Often times, so much of our discussion is more about "boating" than actually "sailing". When we look at the SailNet threads, this appears to be true... There isn't a lot about actually sailing but a plethora of stuff about keels, chart plotters, sewing and such. None of that is bad, just where the emphasis appears to lie. 

So it just comes down to what one wants from a boat. It's all good...your boat, your time, use them as you will.


----------



## ScottUK (Aug 16, 2009)

I don't think you will find a better way to get better at sailing and boat handling.


----------



## Sailormon6 (May 9, 2002)

I love to race, and have been doing it for over 40 years without tiring of it. I love the competition of it, the challenge to get the best performance out of the boat, and the opportunity to learn new sail handling and sail trimming techniques. Most of the people who don't like to race seem to take it all too seriously, or to be the victims of some skipper who takes it too seriously. I never yell at or insult crew, and have no respect for anyone who does. Racing inspires creativity in sailing. The objective is to get around the race course in the shortest amount of time, and a racer is on a constant search for creative ideas on how to either shorten the distance around the course, or to increase boat speed, and how to get ahead of the other boats that are trying to prevent you from doing so. The search for those things makes racing an intriguing puzzle. Racing isn't an athletic sport. It's a cerebral sport. It matters little whether you are bulging with muscles. It matters alot that you have a facile mind.


----------



## caberg (Jul 26, 2012)

I did a lot of crewing in week night races in my 20s as a way to get on the water, and one of the guys I raced with was pretty relaxed and it was more about having fun, which helped. I really had zero interest in the actual race itself and had to chuckle at some of the ridiculous people out there on the course. Now that I have my own boat, I can't see ever racing again as it's just not my thing. There's too many uptight yelling stressed out types that sorta the whole thing seem silly.


----------



## aelkin (Feb 3, 2013)

ABH3;
Why race? Lots of reasons:
1. I'm competitive, in almost every avenue of my life. I'm too old to play volleyball, football, and some of the other pastimes I used to compete in at the level I wanted to.
2. It's challenging - I was out last week with a skipper that told me he looked at it like 'chess on the water'. You have a moderate physical element, plus a complex (and of varying scale of complexity, depending how tough you want to make it on yourself...) mental element.
3. It forces you to expand your comfort zone on the water. I would never have considered taking my boat out in 20knots on Lake Erie before having been 'forced' by a looming race deadline - and am now thoroughly comfortable with weather much heavier than that.
4. I enjoy the team-building element of getting a crew of varying ages and skill levels, and working together to make the boat perform.
5. Camaraderie - Most good racing fleets will rendezvous afterwards, to share stories, discuss decisions made on the course, and usually just hang out and shoot the breeze. A person can learn a lot from this.
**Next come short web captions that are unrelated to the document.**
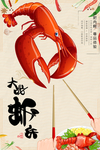 小龙虾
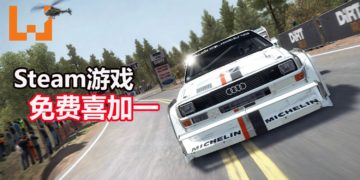 Steam游戏喜加一！限时免费送赛车游戏《DiRT Rally》！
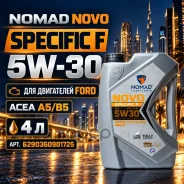 Nomad Lubricants Novo Specific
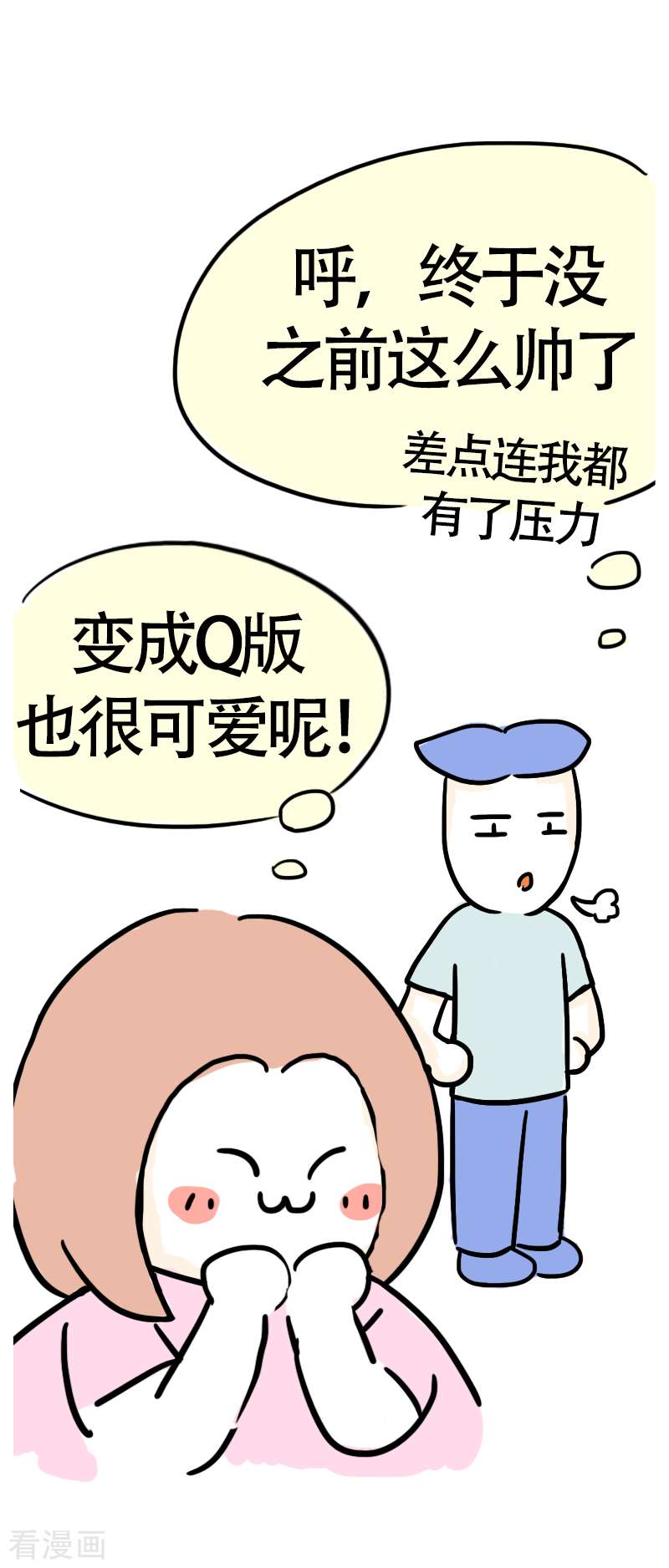 微胖女神37话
If NONE of these items interest you, then by all means, carry on! 
If one or more DOES interest you, then try dipping just one toe in the racing pool. Make it clear in your club/marina that you'd like to try crewing. ask around about skippers, and try to find a boat that is moderately successful, and whose skipper is NOT a yeller. (nothing spoils racing more quickly than being made to feel ashamed or belittled, and has no place in club racing...)

You decide where you want to go after that.

Have fun!!

Andy


----------



## jfdubu (Jul 18, 2002)

I race in beer can series and a few weekend races. I enjoy the competitive nature both in in sailing against other boats and against myself. Chances are if one doesn't have some competitive sprit they wouldn't enjoy racing. As other have said you'd be hard pressed to find a better way to learn true sailing and boat handling skills. I know racing has certainly taught me to be a better sailor and I'm far from finished learning For instances, with my former boat I seldom fished less than second and usually first. Last night in my new (to me) faster boat got my clock cleaned. I have a lot to learn to sail the new boat fast.


----------



## ScottUK (Aug 16, 2009)

> Racing isn't an athletic sport. It's a cerebral sport. It matters little whether you are bulging with muscles. It matters alot that you have a facile mind.
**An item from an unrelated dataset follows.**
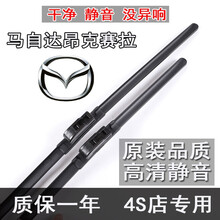 长安马自达3昂克赛拉雨刮器原装马3雨刮片原厂08-10款16-17年18-19新老经典马三星骋雨刷器 马自达3昂克赛拉【14-19款】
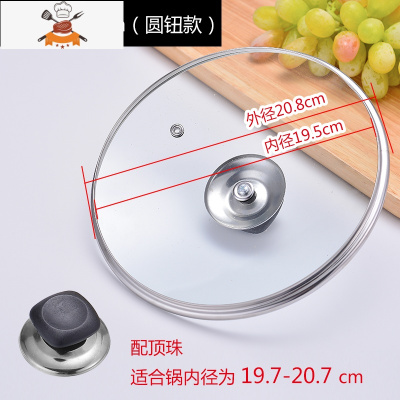 锅盖家用帽透明钢化玻璃耐热蒸锅炒菜锅盖32cm不锈钢圆形汤锅盖子 敬平 玻璃盖 20 塑料把锅具配件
I agree and disagree. You must not remember being a grinder short tacking. It can be brutal and I don't think I am all that weak or I wouldn't be asked to do it.


----------



## tommays (Sep 9, 2008)

If you notice everybody's between 14 and 92 is HAPPY and we just don't do things especially racing with grumpy yellers

Quote:
Racing isn't an athletic sport. It's a cerebral sport. It matters little whether you are bulging with muscles. It matters alot that you have a facile mind.
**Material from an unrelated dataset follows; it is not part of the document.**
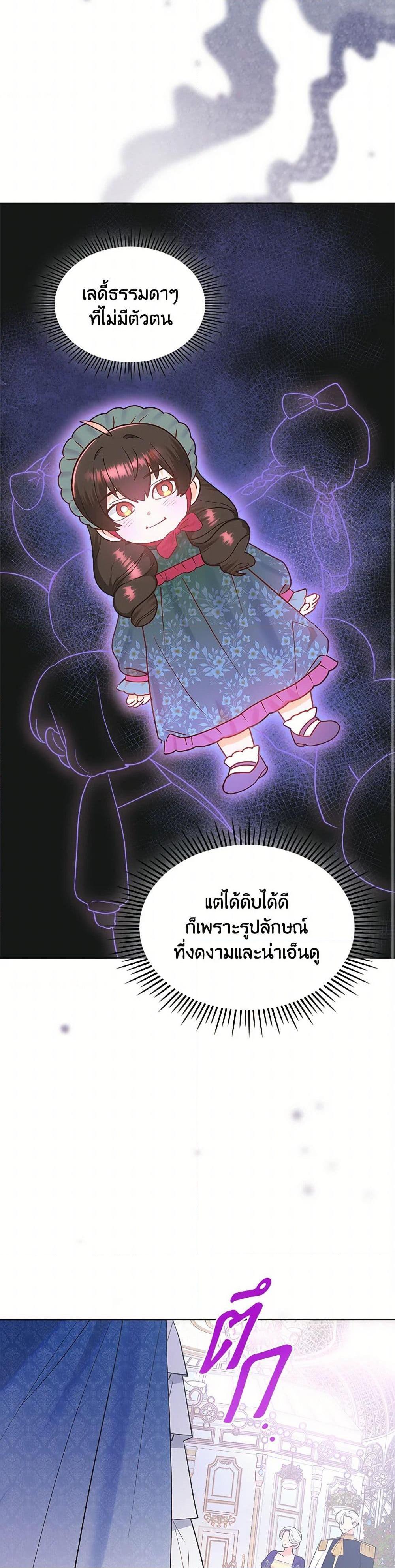 Manga-lc-com อ่านมังงะ อ่านการ์ตูน ออนไลน์ ฟรี The End of This Fairytale Is a Drama ตอนที่ 1 2 3 4 5 6 7 8 9 10 11 12 13 14 ฟรี ไม่มีโฆษณา Manga-lc - อ่าน มังงะ อ่าน การ์ตูน ออนไลน์ อ่านมังงะ ฟรี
You must not do much bow work


----------



## Don L (Aug 8, 2008)

I don't race and have a book and knotmeter to teach me how to sail better.


----------



## ScottUK (Aug 16, 2009)

> You must not do much bow work


I find the bow work to be more cardio then muscle.


----------



## gamayun (Aug 20, 2009)

You either love it or you don't. I like single-handed and short-handed races. This past weekend, I sailed over to Richmond Yacht Club where the single-handed TransPac boats were getting inspected. I toured and spoke to the skippers of an Islander 36, a Garcia Passoa 47, and a Wilderness 30, that have their boats all set up for not just single-handing, but for safety and self-reliance in a big ocean. We talked electric, and windvanes, and sails, and engines, and autopilots, and so much more for hours. It was great. Could I be part of this group if I wasn't racing? I would guess, yes, because they're so inviting to everyone who wants to learn how to be a better sailor. This is why I love racing.


----------



## ScottUK (Aug 16, 2009)

> I don't race and have a book and knotmeter to teach me how to sail better.


Think a VMG instrument might teach you more.


----------



## appick (Jan 20, 2014)

I race because the other guy and me are on the same tack... 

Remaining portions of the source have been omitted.